In a 2008 interview, Tim Keller was asked, “You reject marketing apologetics like, ‘Christianity is better than the alternatives, so choose Christianity.’ Why?”
His response …
Marketing is about felt needs.
You find the need and then you say Christianity will meet that need. You have to adapt to people’s questions. And if people are asking a question, you want to show how Jesus is the answer.
But at a certain point, you have to go past their question to the other things that Christianity says. Otherwise you’re just scratching where they itch.
So marketing is showing how Christianity meets the need, and I think the gospel is showing how Christianity is the truth.
In other words, you can’t argue someone into “believing” (i.e., converting in both the religious and marketing sense) until you make them want to believe.
People have to see — viscerally and emotionally — how believing will meet their needs prior to making the leap.
Because, their needs — people’s problems, pains, wants, desperations, frustrations, anxieties, fears, and desires — are the only things real to them.

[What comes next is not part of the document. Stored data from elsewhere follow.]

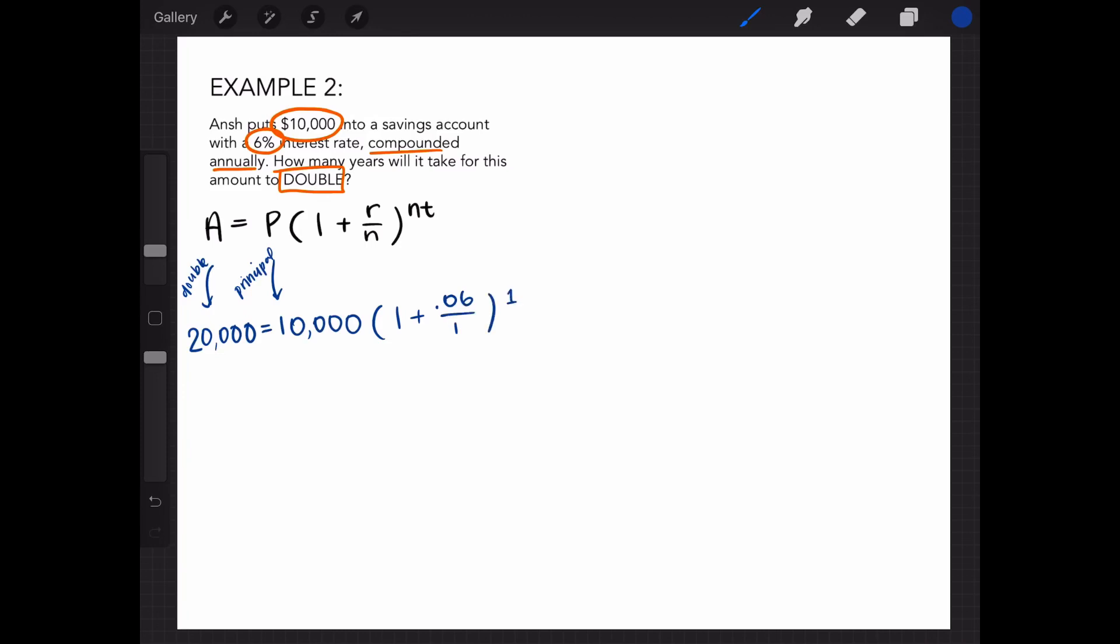We are looking to solve for t, so let's simplify what we have. We can divide by 10,000 on both sides, which is 2 on this side, and cancels itself out on this side. Then, we are left with 1.06 to the t power.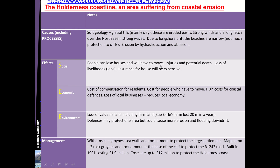The reasons for coastal protection include these key effects: people can lose houses and have to move, there's potential for injuries and loss of livelihoods and jobs, and insurance for houses can be expensive. In terms of economic costs, there's the cost of compensation for residents, relocation costs, and high costs for coastal defences themselves. Environmental costs include loss of farmland and environmental areas for nesting birds, and defences protecting one area may cause more erosion or flooding further down drift.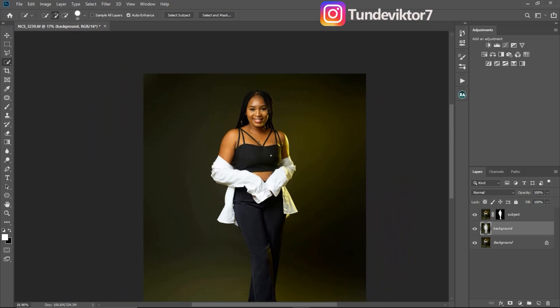That's how you blur your background in Photoshop. If you liked this video or learned anything from it, leave a like and a comment. If you are new here, hit the subscribe button so you can get more amazing videos like this in the future. I'll see you guys in my next video — stay creative.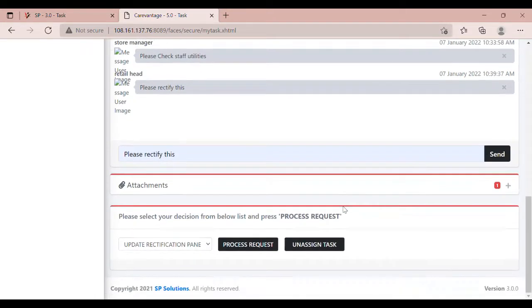The available decisions are: 1. Update Rectification Panel, 2. Return to Showroom, 3. No action required.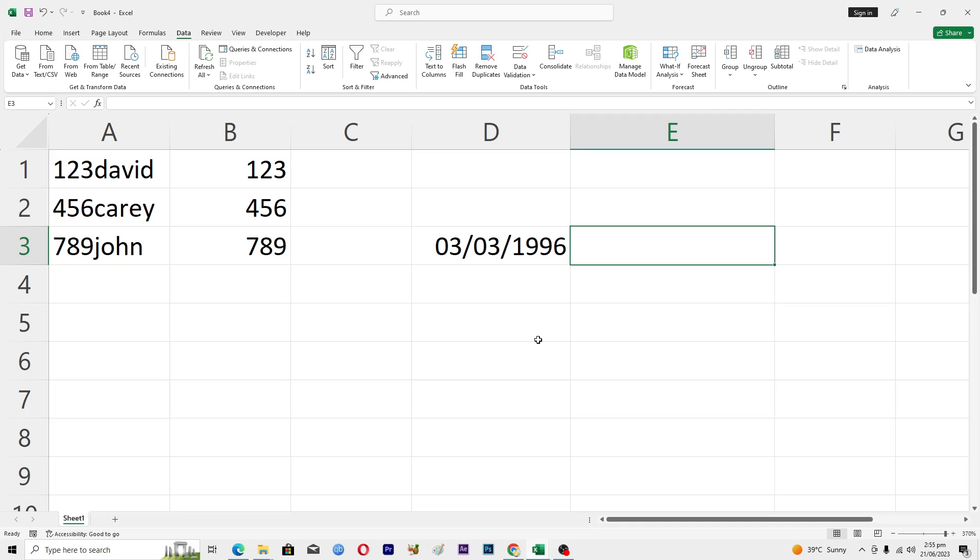First of all, you need to enter your date of birth here in this format. This will be the day, this will be the month, and this will be the year.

Until you address those needs, the reality is … they simply won’t budge.
But need isn’t enough.
To cross the chasm that separates craving and commitment — sensing and salvation — it takes truth.
People buy with their hearts. They justify with their heads.
So what does this have to do with the resurrection.
Again, here’s Keller, from The Reason for God …
Each year at Easter I get to preach on the Resurrection.
In my sermon I always say to my skeptical, secular friends that, even if they can’t believe in the resurrection, they should want it to be true.
Most of them care deeply about justice for the poor , alleviating hunger and disease, and caring for the environment. Yet many of them believe that the material world was caused by accident and that the world and everything in it will eventually simply burn up in the death of the sun. They find it discouraging that so few people care about justice without realizing that their own worldview undermines any motivation to make the world a better place. Why sacrifice for the needs of others if in the end nothing we do will make any difference?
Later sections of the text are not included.